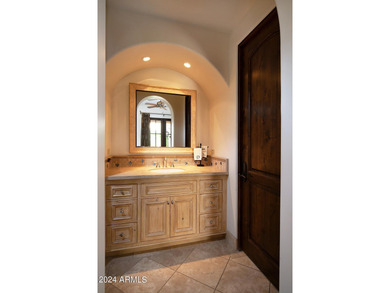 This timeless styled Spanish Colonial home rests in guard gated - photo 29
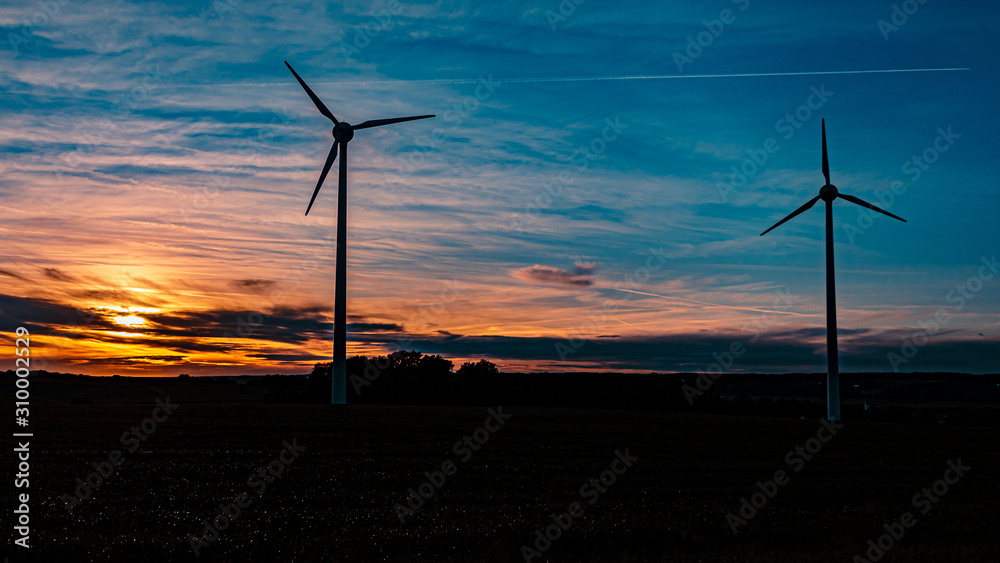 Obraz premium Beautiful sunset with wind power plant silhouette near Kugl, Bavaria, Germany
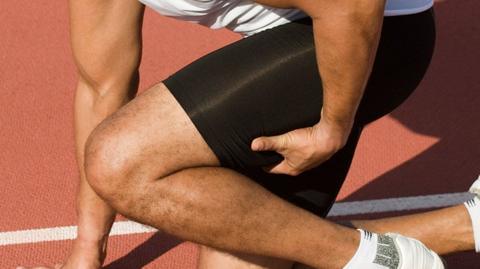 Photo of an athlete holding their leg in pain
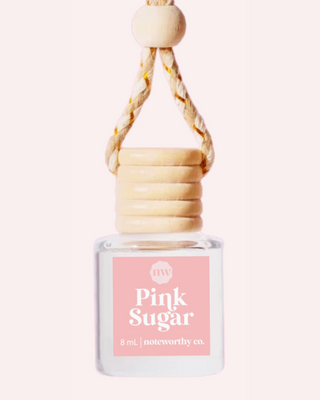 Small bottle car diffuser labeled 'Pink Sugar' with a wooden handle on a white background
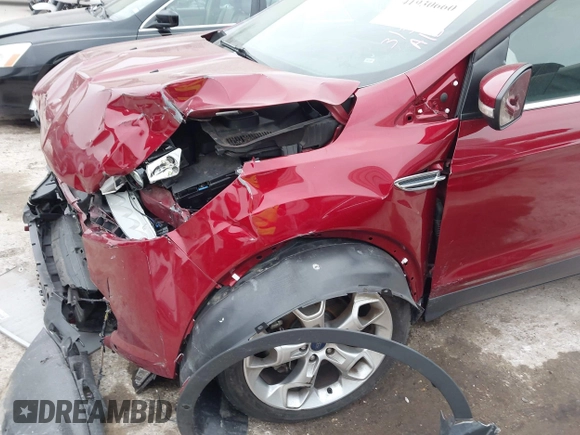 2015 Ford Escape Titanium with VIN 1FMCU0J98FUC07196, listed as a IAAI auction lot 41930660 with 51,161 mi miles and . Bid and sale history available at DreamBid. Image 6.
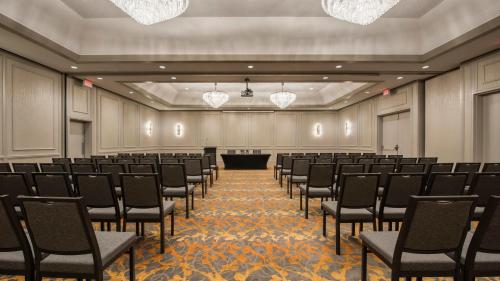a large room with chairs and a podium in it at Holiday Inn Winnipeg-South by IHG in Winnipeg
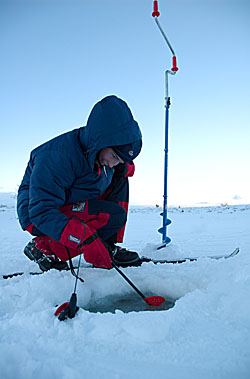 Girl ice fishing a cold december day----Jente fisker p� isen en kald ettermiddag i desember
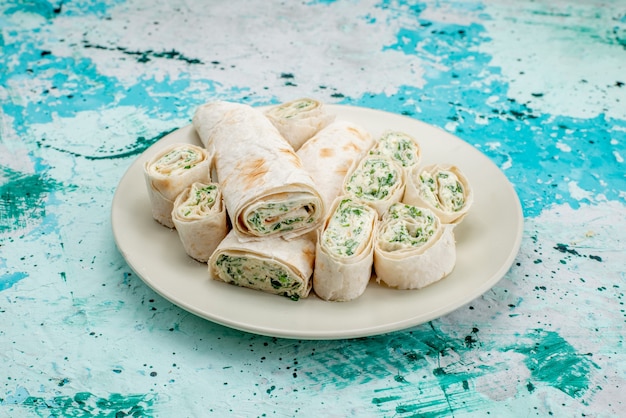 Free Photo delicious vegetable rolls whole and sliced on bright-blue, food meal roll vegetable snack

◆ **Task directions**
Without including any picture, reproduce all of the material exactly.

◆ **Output of the exercise**
 This timeless styled Spanish Colonial home rests in guard gated - photo 29
 Obraz premium Beautiful sunset with wind power plant silhouette near Kugl, Bavaria, Germany
 Photo of an athlete holding their leg in pain
 Small bottle car diffuser labeled 'Pink Sugar' with a wooden handle on a white background
 2015 Ford Escape Titanium with VIN 1FMCU0J98FUC07196, listed as a IAAI auction lot 41930660 with 51,161 mi miles and . Bid and sale history available at DreamBid. Image 6.
a large room with chairs and a podium in it at Holiday Inn Winnipeg-South by IHG in Winnipeg
 Girl ice fishing a cold december day----Jente fisker p� isen en kald ettermiddag i desember
 Free Photo delicious vegetable rolls whole and sliced on bright-blue, food meal roll vegetable snack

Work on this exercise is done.